Give the lines again exactly as they appear below, from the line with "Gucci rinted GG" to the line with "Седан Ford Mondeo 2012 в", both included, and only those lines. Leave every picture out.

Segment Start: GIVEN DATA

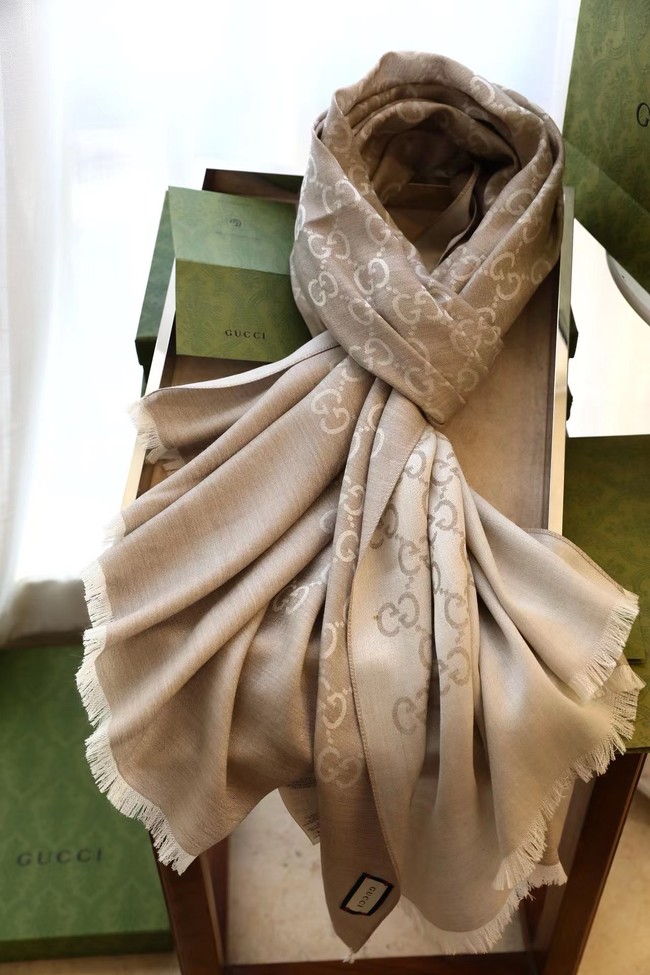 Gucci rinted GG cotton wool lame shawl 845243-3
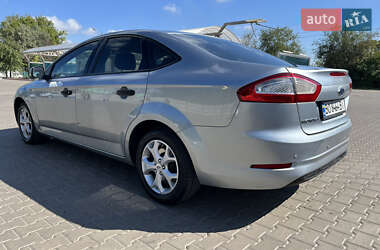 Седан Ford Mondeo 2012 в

Segment End: GIVEN DATA
Segment Start: GIVEN DATA

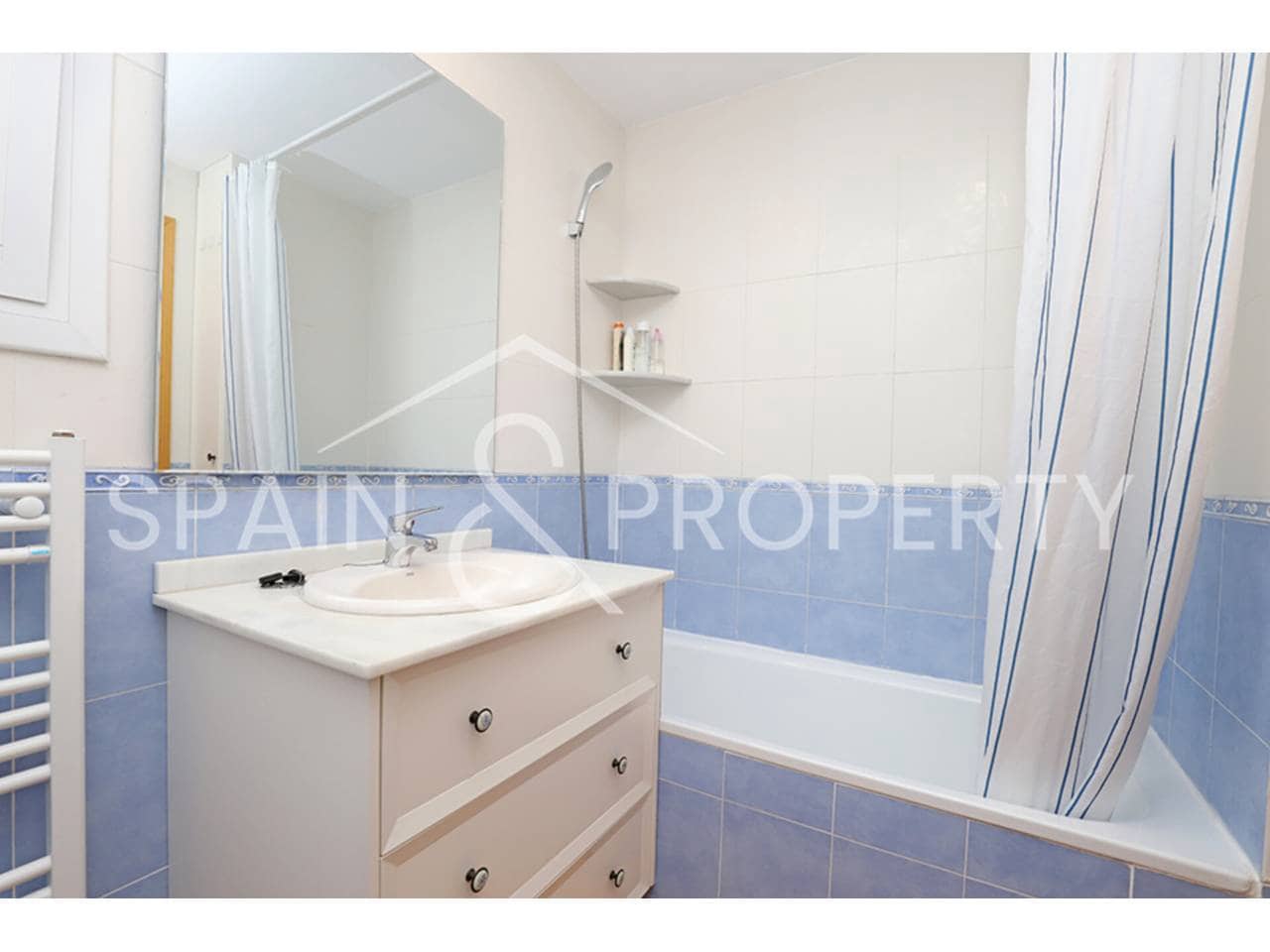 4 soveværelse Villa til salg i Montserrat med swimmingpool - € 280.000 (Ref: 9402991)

Segment End: GIVEN DATA

# ANSWER BELOW
 Gucci rinted GG cotton wool lame shawl 845243-3
 Седан Ford Mondeo 2012 в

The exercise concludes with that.